Sub controller Model

 

This is a component that deals with the organisation of the dialog.  It allows the modelling of the look and feel of the screen itself. The dialog/sub controller models can be created and reused in many process model if required. In an MVC construct this component represents the ‘View’. The user can focus totally on the display. The se51 screens are attached within the dialog model. PBT provides for a set of classes which make the programming of the screen related UI elements usage much easier. There are few protocols that need to be followed with regard to the screens usage. For example we do not usually do the classical screen programming within the PBO/PAI modules. A placeholder for such code with in a component called the process context.

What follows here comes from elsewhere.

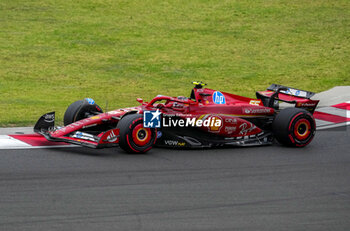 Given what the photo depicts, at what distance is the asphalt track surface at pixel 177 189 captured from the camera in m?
7.59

There is a concept of constraint class that allows a runtime decision of the display or hiding of the respective sub controller node.

 

Process context

 

This is a like a bubble around each of the sub controller nodes. They can control the UI related behaviour for the sub controller node it is set for. The control can be in form of data display, data retrieval, Screen properties, reactions to actions etc.

 

Channel Layer

 

The channel layer consists of the channel model. This component allows setting up of basic attributes of the fields in the various entities. These attributes could be the default display settings, IFBC relevance, product engine relevance and mapping etc. Along with this it is possible to define and generate other structures that can influence other processes. The channel structure is the equivalent of the screen structure that is used in common ABAP programming. The field modifiers structure will carry the screen attributes. What is evident from this is that the channel model allows definition of the ‘Carriers of information’ of both the data and its attributes.

 

Conclusion

 

The onus here has been look into the fundamentals and the broad concepts. There are many more concepts which come into light when investigated deeply. As it was mentioned earlier due to the visual modelling approach with PBT it isn’t too difficult to pick up a process and start digging. Give it a try and soon you will start appreciating its architecture!